We present a case of a 15-year-old boy who developed pulseless electrical activity
(PEA) in the school gym, after 6-minutes ride. He received effective bystander
CPR performed by his teacher. Subsequent advanced CPR could not achieve a
sustained return of spontaneous circulation (ROSC) and refractory cardiac arrest
with PEA persisted.
On hospital arrival VA-ECMO was established during active CPR after 95 min of
cardiac arrest (time from OHCA to door: 75 min; time door to VA-ECMO: 20 min).
After starting Extracorporeal life Support (ECLS) an adequate systemic circulation
was restored and sustained ROSC was obtained. Despite the recovery of organ
perfusion, the patient showed multiple organ failure: coma, pulmonary edema,
acute renal failure, metabolic acidosis, and troponin increase. Echocardiography
showed severe left ventricle systolic dysfunction with global hypokinesia and
apparently normal coronary hosts. Under ECLS we assisted to a complete recovery
of cardiac, respiratory, and renal function. After sedation withdraw, the patient
performed simple orders without motor deficits.

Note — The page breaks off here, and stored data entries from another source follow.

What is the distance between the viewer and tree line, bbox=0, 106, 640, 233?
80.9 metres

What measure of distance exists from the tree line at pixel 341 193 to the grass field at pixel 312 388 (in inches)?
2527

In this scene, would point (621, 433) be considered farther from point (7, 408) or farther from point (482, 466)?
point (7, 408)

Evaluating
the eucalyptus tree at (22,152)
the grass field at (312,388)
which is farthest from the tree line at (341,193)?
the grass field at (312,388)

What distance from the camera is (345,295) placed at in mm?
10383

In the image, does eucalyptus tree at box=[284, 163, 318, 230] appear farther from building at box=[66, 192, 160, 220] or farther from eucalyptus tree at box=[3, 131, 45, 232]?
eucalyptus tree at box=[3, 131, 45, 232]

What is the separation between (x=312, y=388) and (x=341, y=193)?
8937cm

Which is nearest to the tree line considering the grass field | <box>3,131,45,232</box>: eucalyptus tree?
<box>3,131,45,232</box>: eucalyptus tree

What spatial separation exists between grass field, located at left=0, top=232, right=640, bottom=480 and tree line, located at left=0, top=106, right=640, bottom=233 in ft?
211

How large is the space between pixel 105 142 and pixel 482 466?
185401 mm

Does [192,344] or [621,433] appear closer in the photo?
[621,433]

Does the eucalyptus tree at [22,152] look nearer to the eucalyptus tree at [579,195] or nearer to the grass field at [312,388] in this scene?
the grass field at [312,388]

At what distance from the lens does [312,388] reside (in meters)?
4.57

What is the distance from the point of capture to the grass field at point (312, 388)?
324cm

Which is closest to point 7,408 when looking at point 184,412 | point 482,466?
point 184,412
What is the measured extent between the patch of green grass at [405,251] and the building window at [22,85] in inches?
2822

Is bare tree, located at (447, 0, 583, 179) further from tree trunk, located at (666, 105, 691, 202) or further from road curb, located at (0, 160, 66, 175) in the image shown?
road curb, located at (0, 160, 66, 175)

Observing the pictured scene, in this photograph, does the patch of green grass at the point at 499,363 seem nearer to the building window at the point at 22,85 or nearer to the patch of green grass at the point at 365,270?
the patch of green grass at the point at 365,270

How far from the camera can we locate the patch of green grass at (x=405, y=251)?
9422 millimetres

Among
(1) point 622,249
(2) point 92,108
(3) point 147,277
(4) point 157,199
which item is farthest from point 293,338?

An angiography CT scan, performed to evaluate the aetiology of the CA, revealed
an anomalous origin of the left coronary artery from the right coronary sinus with
severe left main stenosis. The congenital defect was surgical repaired and ECLS
maintained until full recovery (12 days). The patient was discharged in the 57th day
with a good recovery.
In refractory cardiac arrest, ECPR had several advantages, including successful
ROSC, maintain organ perfusion during recovery of native cardiac output, earn
time to perform diagnostic tests and apply surgical and medical treatments.